═══ Information shown ═══

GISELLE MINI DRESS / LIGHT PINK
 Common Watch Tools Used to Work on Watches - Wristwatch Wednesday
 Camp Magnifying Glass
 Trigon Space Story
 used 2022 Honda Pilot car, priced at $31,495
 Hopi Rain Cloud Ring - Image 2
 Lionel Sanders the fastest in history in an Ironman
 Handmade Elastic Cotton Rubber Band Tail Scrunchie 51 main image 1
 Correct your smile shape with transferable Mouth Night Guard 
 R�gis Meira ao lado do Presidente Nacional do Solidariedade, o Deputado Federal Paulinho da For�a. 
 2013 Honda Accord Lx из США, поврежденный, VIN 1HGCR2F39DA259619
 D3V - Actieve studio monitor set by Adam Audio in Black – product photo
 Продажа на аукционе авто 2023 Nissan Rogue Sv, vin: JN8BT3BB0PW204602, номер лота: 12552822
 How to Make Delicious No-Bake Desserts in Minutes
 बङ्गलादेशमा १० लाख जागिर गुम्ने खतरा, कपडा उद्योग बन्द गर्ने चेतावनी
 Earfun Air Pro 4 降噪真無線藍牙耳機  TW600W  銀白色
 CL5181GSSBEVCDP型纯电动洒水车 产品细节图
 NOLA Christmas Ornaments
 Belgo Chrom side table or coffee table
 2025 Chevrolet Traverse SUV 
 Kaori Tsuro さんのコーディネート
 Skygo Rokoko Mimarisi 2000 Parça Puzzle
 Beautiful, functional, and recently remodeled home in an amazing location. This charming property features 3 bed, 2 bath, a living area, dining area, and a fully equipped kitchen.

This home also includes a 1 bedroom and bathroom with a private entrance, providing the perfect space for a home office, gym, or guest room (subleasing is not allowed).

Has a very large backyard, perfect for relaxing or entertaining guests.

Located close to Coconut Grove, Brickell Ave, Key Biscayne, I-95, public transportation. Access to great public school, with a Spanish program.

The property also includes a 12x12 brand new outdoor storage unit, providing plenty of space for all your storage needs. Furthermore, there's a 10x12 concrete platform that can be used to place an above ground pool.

═══

Required action:
Find the line with "R�gis Meira ao" in the entries above. Retype it and each line after it, exactly, through the line with "Продажа на аукционе", and stop there.

Written reply:
 R�gis Meira ao lado do Presidente Nacional do Solidariedade, o Deputado Federal Paulinho da For�a. 
 2013 Honda Accord Lx из США, поврежденный, VIN 1HGCR2F39DA259619
 D3V - Actieve studio monitor set by Adam Audio in Black – product photo
 Продажа на аукционе авто 2023 Nissan Rogue Sv, vin: JN8BT3BB0PW204602, номер лота: 12552822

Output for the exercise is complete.